There are four game modes to choose from: Team Battle for classic 3-on-3 battles, Single Battle for 1-on-1 fights, Endless mode for an endurance challenge with just one life, and a Training mode where you can practice with the touch controls and brush up on your combos. There’s 14 characters you can choose from and feature many of the series’ most popular faces, including the return of Billy Kane, who hasn’t been in the series since KOF 2003. SNK / Playmore has stated they will release new background stages along with six additional characters by October 2011, which will bring the roster up to 20. You can also earn coins while playing to unlock collectable goodies such as image galleries and character cards.

The graphics and sprites are borrowed from the still-unreleased (for home, anyway) KOF XIII, and are replicated fairly well on iOS devices, despite having a slightly rough look to them. Still, character animations are surprisingly fluid and really make you feel like you’re playing a console game instead of a portable one. It’s a shame the same can’t be said of the background stages, which are nice looking, but are static images with no animations. It’s not too bad since you’ll most likely be focused on the intense battles to notice, but it would’ve been nice to have fire or water move on a stage where some is present. The sounds and music are on point, and really get you pumped while playing. While all these features are nice, there are some features the game lacks that could’ve made things better.

Fans of KOF games in the past already know how difficult it is to pull off moves and counters with a standard controller, so trying to do it on a virtual pad isn’t exactly a walk in the park. While the controls are responsive and feature simplified special move buttons, when the action gets intense, it’s easy to hit the wrong direction or button, especially since the buttons are so close to one another. This makes for some frustrating moments while playing on the iPod or iPhone, which also makes you wonder why there isn’t a native iPad version available.

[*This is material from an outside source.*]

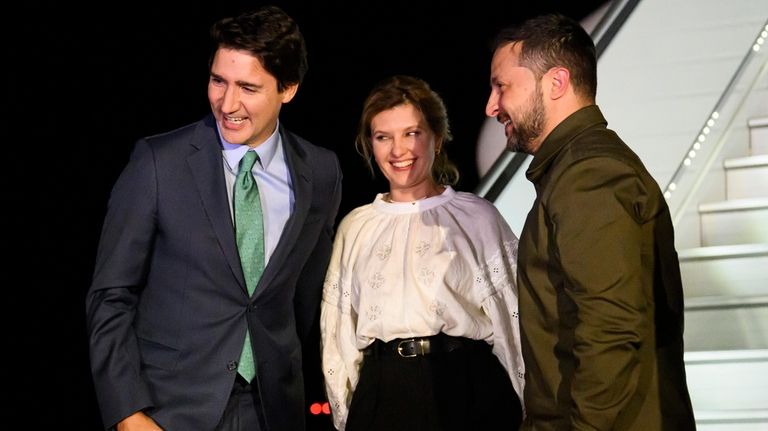 Canadian Prime Minister Justin Trudeau, left, greets Ukrainian President Volodymyr...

The main disappointment is also the least surprising; the lack of online play. While you can battle against other players using a Bluetooth connection, it would’ve been nice to have online multiplayer and take the action worldwide (much like Capcom’s recent Street Fighter IV Volt revision does). KOF-i is Game Center ready, but only allows players to share and compare their game completion level, rankings and achievements.

Despite it’s shortcomings and hefty $7.99 price tag, The King of Fighters-i makes for a pretty fun solution when you need your SNK fighting game fix on the go. The virtual controls work, for the most part, although you can probably expect a few frustratingly missed power moves when you need them the most; even the best-intentioned button-free solution isn’t without its problems. SNK/Playmore is promising future updates in the form of new characters, backgrounds, and more gameplay options, which could help flesh out the rather weak (for a KOF game) 14-character roster and pancake-flat backgrounds. Let’s hope online multiplayer and a native iPad version are among them, as they’d definitely help elevate a pretty good game to a great one.